# WHAT TO PRODUCE
The line holding "Round Neck Bodycon" and all lines that follow it to the end of the data: return these exactly, and nothing more.
[RECORDS Boundary: Start]
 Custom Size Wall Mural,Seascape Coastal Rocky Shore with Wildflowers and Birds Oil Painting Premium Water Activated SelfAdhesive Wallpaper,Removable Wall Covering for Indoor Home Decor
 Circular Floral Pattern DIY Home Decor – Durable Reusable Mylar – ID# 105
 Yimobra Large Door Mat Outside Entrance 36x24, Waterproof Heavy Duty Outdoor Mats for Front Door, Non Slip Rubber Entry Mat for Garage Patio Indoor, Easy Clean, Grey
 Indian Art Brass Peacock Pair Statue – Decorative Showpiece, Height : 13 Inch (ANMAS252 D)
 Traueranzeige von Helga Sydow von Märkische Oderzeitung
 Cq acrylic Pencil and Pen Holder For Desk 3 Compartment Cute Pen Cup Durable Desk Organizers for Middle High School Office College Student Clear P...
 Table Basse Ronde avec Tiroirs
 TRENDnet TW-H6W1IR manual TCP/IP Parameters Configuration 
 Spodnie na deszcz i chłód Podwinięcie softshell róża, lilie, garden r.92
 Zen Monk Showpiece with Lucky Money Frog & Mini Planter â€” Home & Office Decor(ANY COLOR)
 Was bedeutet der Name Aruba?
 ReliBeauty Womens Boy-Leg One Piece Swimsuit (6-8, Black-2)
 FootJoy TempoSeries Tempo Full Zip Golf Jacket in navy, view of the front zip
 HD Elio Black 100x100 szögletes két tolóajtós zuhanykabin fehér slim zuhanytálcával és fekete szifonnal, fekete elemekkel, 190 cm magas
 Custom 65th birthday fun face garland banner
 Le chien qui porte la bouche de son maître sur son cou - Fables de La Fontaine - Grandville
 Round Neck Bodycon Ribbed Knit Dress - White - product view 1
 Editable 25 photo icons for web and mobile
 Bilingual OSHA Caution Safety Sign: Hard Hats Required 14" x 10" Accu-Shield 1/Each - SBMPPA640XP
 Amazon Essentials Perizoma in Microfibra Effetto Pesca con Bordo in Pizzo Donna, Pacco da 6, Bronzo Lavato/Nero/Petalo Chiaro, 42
[RECORDS Boundary: End]
# RESULT OF THE EXERCISE
 Round Neck Bodycon Ribbed Knit Dress - White - product view 1
 Editable 25 photo icons for web and mobile
 Bilingual OSHA Caution Safety Sign: Hard Hats Required 14" x 10" Accu-Shield 1/Each - SBMPPA640XP
 Amazon Essentials Perizoma in Microfibra Effetto Pesca con Bordo in Pizzo Donna, Pacco da 6, Bronzo Lavato/Nero/Petalo Chiaro, 42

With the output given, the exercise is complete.